2015-02-10 Thread Rustom Mody
On Wednesday, February 11, 2015 at 2:36:23 AM UTC+5:30, Skip Montanaro wrote:
> I know this is way off-topic for this group, but I figured if anyone
> in the online virtual communities I participate in would know the
> answer, the Pythonistas would... Google has so far not been my friend
> in this realm.
> 
> One of the things I really like about my Skype keyboard (and likely
> other "soft" keyboards on Android) is that when you hold down a "key"
> for a brief moment, a little mini keyboard pops up, from which you can
> easily choose various accented variants and other symbols. For
> instance, If I press and hold the "d" key, I see these choices (ignore
> the capitalization of the first letter - my mistake sending a text
> message to myself from my phone, and I can't seem to convert it to
> lower case):   Đ|¦&dðď
> 
> While I'm a touch typist, I almost never use auto-repeat, which is the
> "binding" of held keys in most environments (curse you, IBM and your
> Selectric!).
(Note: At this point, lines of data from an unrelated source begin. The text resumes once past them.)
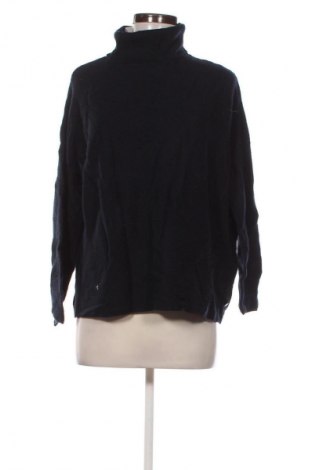 Γυναικείο πουλόβερ Esprit, Μέγεθος XL, Χρώμα Μπλέ, Τιμή 14,99 €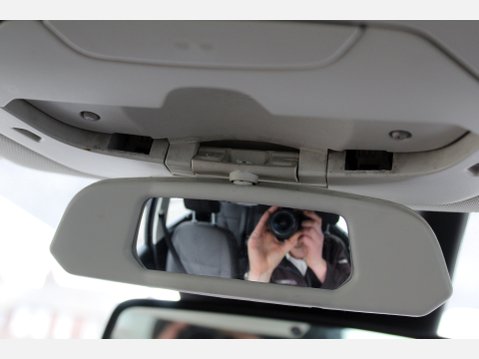 Ford C-Max TITANIUM 34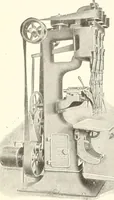 An illustration from Canadian wood products industries (1915)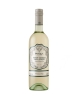 Pasqua Pinot Grigio 2022 750ml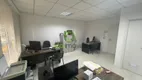 Foto 5 de Sala Comercial para alugar, 28m² em Barreiros, São José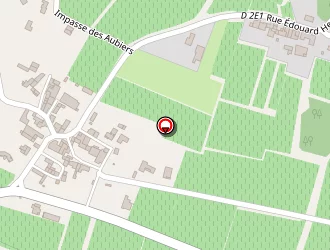 Carte de Cmr à Saint-estèphe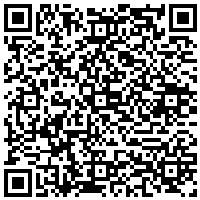 QR Code for bitcoin:bitcoin:bitcoin:bitcoin:bitcoin:bitcoin:bitcoin:bitcoin:bitcoin:bitcoin:bitcoin:bitcoin:bitcoin:1CsYHJK87i8bTaBi7d2GF51vm4fvDxb9RG
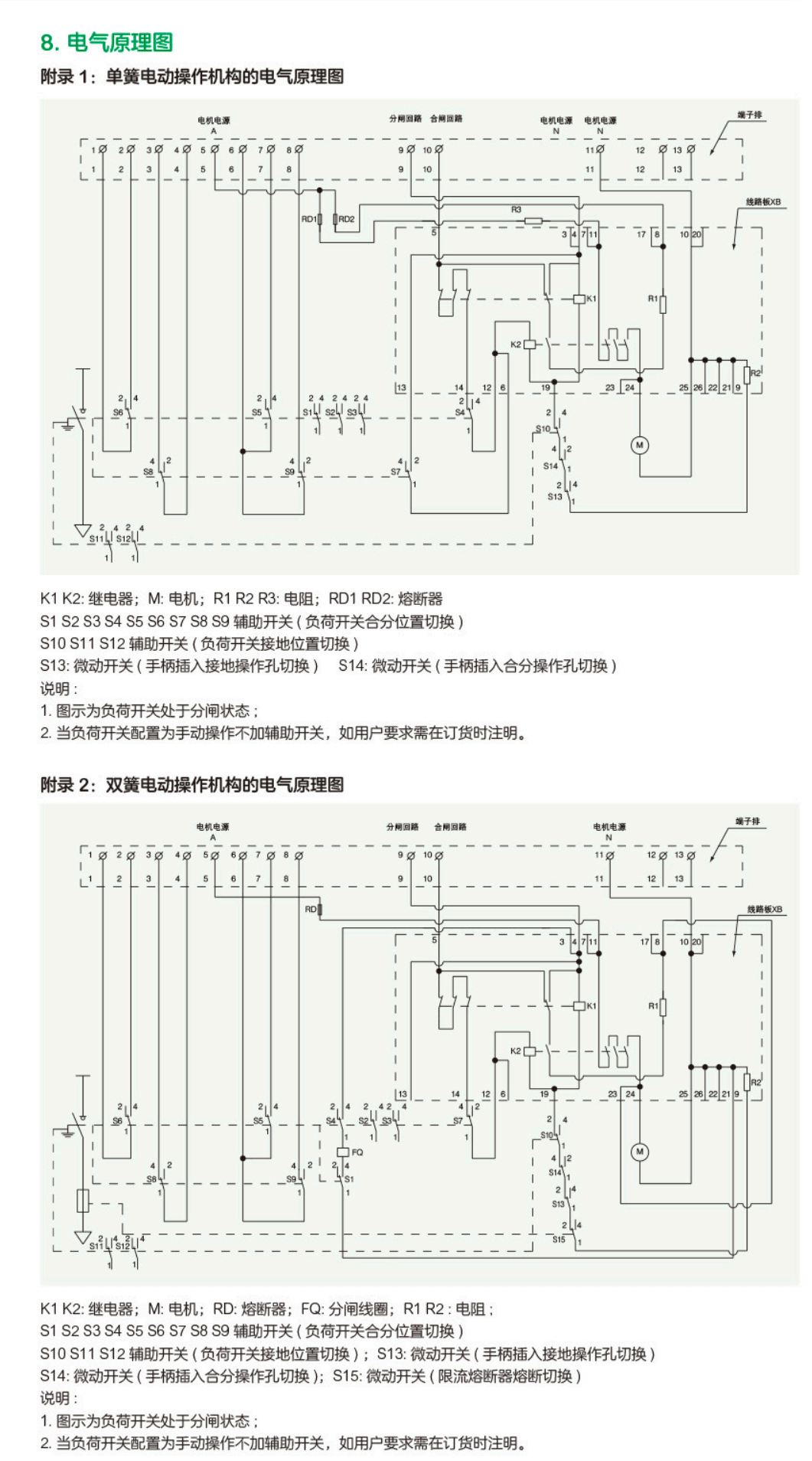 14120611791928.png 040_05_02.png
These days I find my self needing accented characters
> much more frequently than key repeat (C-u 2 5 - suffices in Emacs to
> bat out 25 hyphens). Being an American with an American keyboard, I
> haven't the slightest idea how to type any accented characters or
> common symbols using the many modifier keys on my keyboard, and no key
> caps display what the various options are. And I'm getting kind of
> tired of going to Google and searching for "degree symbol". :-/
> 
> Is there an X11 or Mac extension/program/app/magic thing which I can
> install in either environment to get this kind of functionality? I'm
> thinking that if you hold down a key for the auto-repeat interval,
> instead of the key repeat thing making all sorts of duplicates, a
> little window would pop up over/near the insertion point, which I can
> navigate with the arrow keys, then hit RET to accept or ESC (or
> similar) to cancel. It need not be perfect. It might (for example)
> only work in certain environments (Chrome, Emacs, vim, Firefox).
> Anyplace to start. It need even be written in Python (though that
> would be cool.) I think that once something like this caught hold, it
> would fairly quickly take over from the dark lords of auto-repeat.
> 
> Thx,
> 
> Skip

Nice question – I too await an answer.
Was amused when gmail offered facilities to type devanagari.
After using for a while found it way too clever for my taste and found emacs'
itrans input method better — emacs is slightly dumb, gmail is way too clever.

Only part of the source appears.